所属するライダー4人がライダー・ランキングで揃って上位に名前を連ねている。
Photo © Hazrin Yeob Men Shah / Motorsport.com




■ 冬季テストまとめレビュー

まず総括として、今季GPシーンの主役と目されるライダー達が、色んな意味で順当に注目を集めたオフになったと思う。
5つのコース中、王者ストーナーは2つのコースでトップタイムをマーク。ライバルのロッシ、ペドロサが1つずつで、残りもう1つを、大型新人のロレンツォが制した。偶然か必然か、まァ実にウマイ具合に”取り分け”られた感じだ。

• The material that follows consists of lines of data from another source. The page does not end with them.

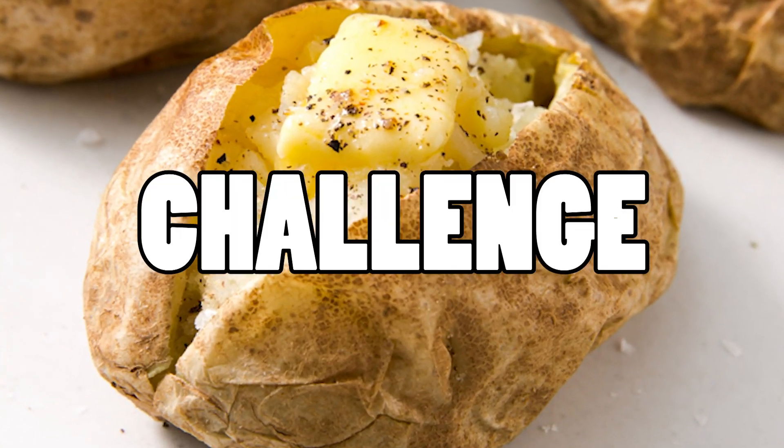Alright guys, how's everyone doing? Today I'm doing the ultimate jacket spud challenge. It's by Blue Van Man — he nominated me, Chris the Butcher, Steve's Family Vlogs, and Beer Wanted to do this. They've already done it, so check those out, links will be in the description. I was supposed to do it on Friday like everyone else, but I'm a tit — I didn't get the memo, as Chris the Butcher said on Twitter.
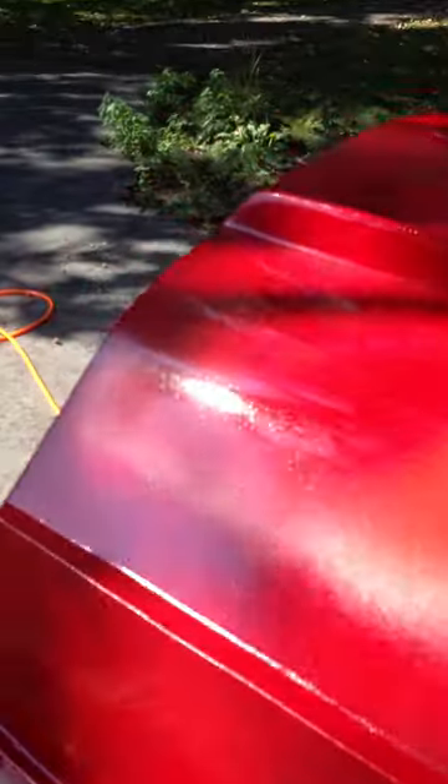I'm going to be wet sanding it and putting on two more coats, so it's okay. Not too bad. Bought a four and a half to spray it — kind of really nice, I think.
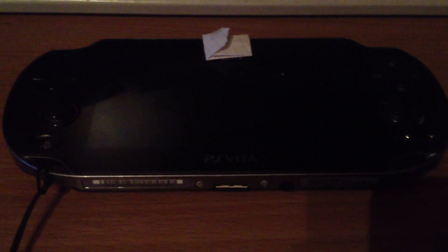Yo, it's me ZZ and today I will show you a video about the new Firmware 2.01 and a working VHBL for this new firmware.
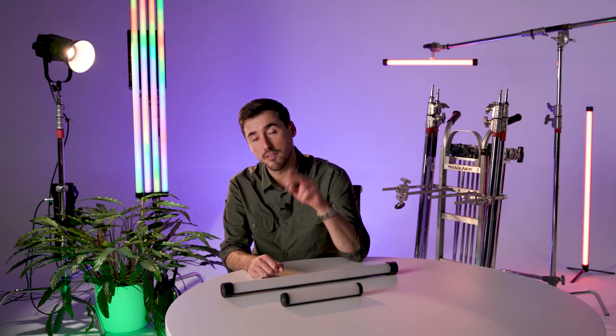Today I'm going to be talking about the brand new Nanlite Pavo 2 tubes.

内容的には、フィリップアイランドのストーナー、セパンのロッシが特に良かった。非公式ながら、ともに従来のコースレコードを大幅に上回るタイムを叩き出して、実力の高さを見せつけた。
ヘイデンが安定して速かったのも強い印象を残した。ただ、今一歩トップに届かないところが、いかにもヘイデンらしい感じ?

怪我人が目立ったのも、今オフのテストの特徴かな?
ロッシは昨季最終戦で負った怪我を引きずった状態でオフに突入し、王者ストーナーは今オフ一発目のバレンシア・テストでクラッシュして負傷。続いてペドロサまで年末のセパンで重傷を負い、年が明けてからはホッパーまでもが犠牲になった。エースが無事だったのはスズキだけ。
見方によっては、例年に無く荒れたオフになったとも言える。


以下、主要なライダーとメーカーの状況をチェックしてみる。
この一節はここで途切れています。